At first, Me’phaa People started migrating to neighbor cities, including Tlapa, Ometepec, and Ayutla. Then, they migrated to mid-size cities, such as Acapulto and Zihuatanjo, and to big cities, such as Mexico City and Guadalajara (Torres and Ortíz, 2011). Most recently, the Me’phaa migrate to work as construction laborers, servers at restaurants, or temporary farm hands cutting sugar cane and coffee in the region in Sinaloa, Morelos, Baja California, and Sonora. Since the 1990s and continuing today, there has been a shift away from the tradition of farm labor in northern Mexico to a more occupationally varied and geographically dispersed pattern of migration to work in the service sector in the United States and Canada (Blanchon 2008). Jalisco has also become attractive for indigenous workers from all over the country. The men are 21 to 40 years old and work at an aluminum factory owned by the same employer. Most of the women are single and work as domestic employees in homes (Barragán, 2009).
In a study of Me’phaa migrants in Lawrence, Kansas, Blanchon (2008) documented a growing network of migration. Members of communities in and around Iliatenco, Guerrero are plugged into networks that span across multiple locations in Kansas and other states, including North Carolina, New York, Missouri, Texas, California and Oregon.
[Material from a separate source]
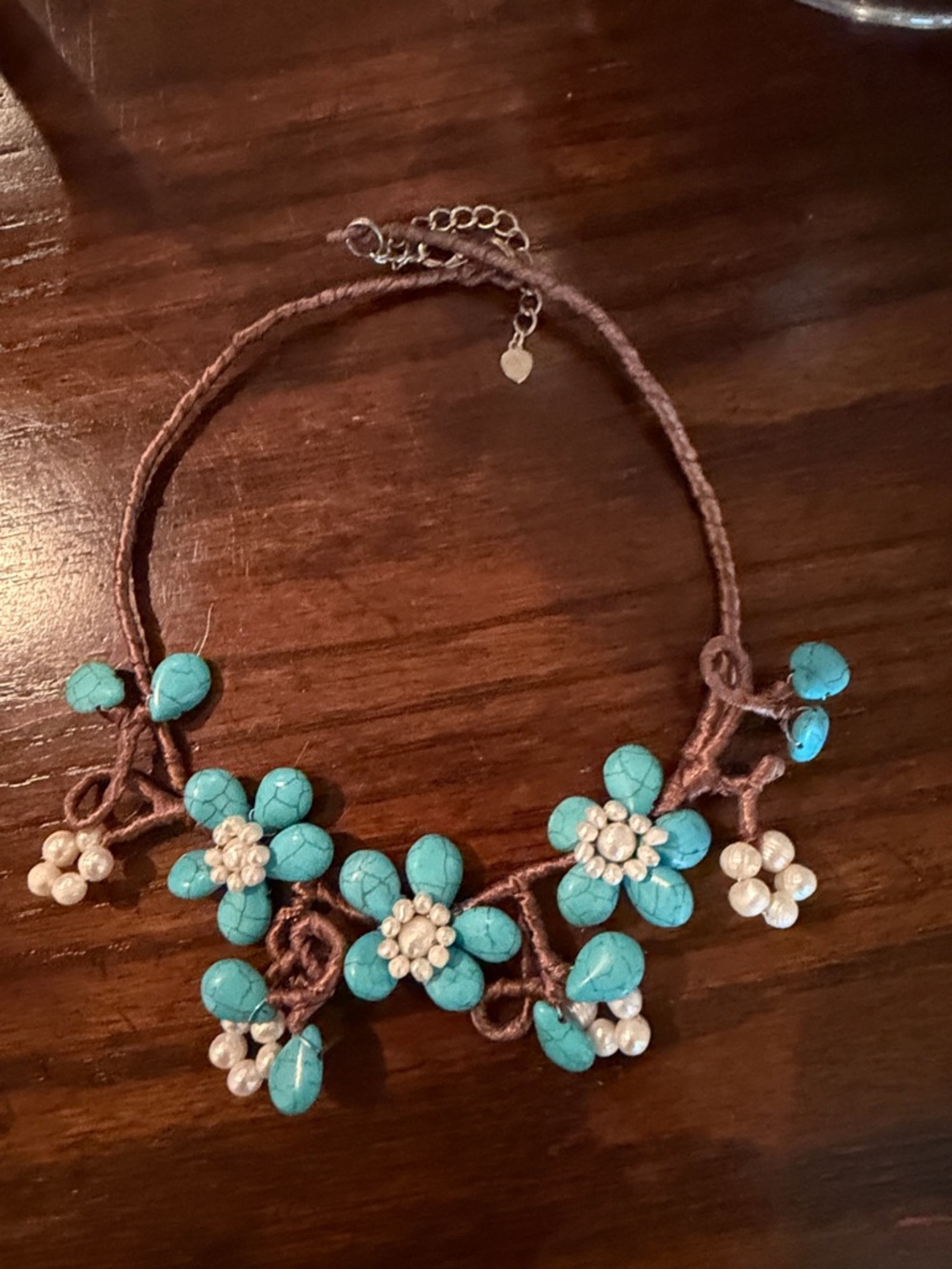 Turquoise and Pearl like Floral Necklace - Turquoise and Cream/White Accents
Most people who leave for the US are in their twenties, and most of the others are in their lower thirties. Minors rarely leave and, like women, usually do not go without a close family member’s accompaniment. It is unheard of that the elderly leave. In Lawrence, the Me’phaa are employed in restaurants, construction companies, farms, landscaping, meatpacking, and domestic service (Blanchon, 2008).
Migration has provoked positive and negative outcomes for Me’phaa communities. On the one hand, migrant workers are able to send money back home to improve the lives of their family members. People bring new ideas with them upon return to La Montaña, which has stimulated local businesses. Thanks to migration, more money stays in town. On the other hand, migrants are lonely in the United States. Due to the difficulty of entering the United States, those who had children prior to coming to the US were not able to bring them. In Lawrence, Kansas, the only young children in Me’phaa households in Lawrence were the ones born in the U.S. (Blanchon, 2008). Moreover, high rates of migration from Iliatenco mean fewer men and women of working age, and relatively high numbers of minors and middle-aged and elderly people in the municipio. This is particularly troubling in a region where much of the road construction, maintenance and even cleaning of the streets are community endeavors.
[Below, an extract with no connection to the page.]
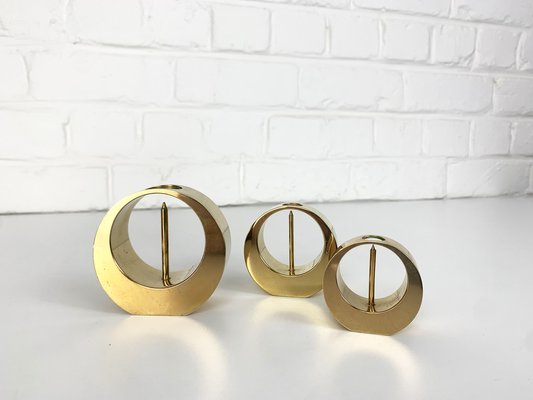 Mid-Century Scandinavian Candleholders in Brass by Arthur Pe, 1950s, Set of 3-ZM-1749213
One unintended and unfortunate side effect of migration has been language shift. Most Me’phaa people have historically been bilingual—in addition to Me’phaa and Spanish, the population of La Montaña tends to be fluent in Nahua and Mixtec. In other words, the Me’phaa have historically maintained their mother tongue at the time they speak other languages while living in their territories. Álvarez (2019) found that indigenous children who stay in Guerrero are generally proud of their origins. However, when they migrate to a different land, Me’phaa speakers confront discrimination, gradually reduce the domains in which they speak Me’phaa, and decide to only teach Spanish to their children. In contrast, Zambrano and Ávila (2018) found that indigenous children who migrate to work in Michoacán feel ashamed of speaking Me’phaa. Migrant children study in Michoacán from August to December, when regional crops demand labor. Students from Guerrero almost exclusively interacted with other guerrerences. Migrant students often work with their parents, which affects their attendance and their ability to build friendships with other students outside of their family circle. Spanish, the language of instruction, is their second language. Their intellectual contribution is often undervalued by teachers and classmates due to discrimination. It is no surprise that migration provokes language shift in territories where indigenous languages are undervalued. In Jalisco, for example, speaking Me’phaa in public domains is looked down upon by Spanish-speaking employers and coworkers alike. Therefore, Barragán (2009) found that Me’phaa migrants in Jalisco want their children to study and have better jobs than they have as dayworkers, peddlers, and domestic employees. Since parents do not want their children to feel frustrated or inferior for speaking Me’phaa, they have decided to teach them Spanish only. Additionally, in Jalisco migration and language shift occurred simultaneously as the Me’phaa developed a desire to make it (subsist, make a living, work, make money, make a life, become someone) in a different place.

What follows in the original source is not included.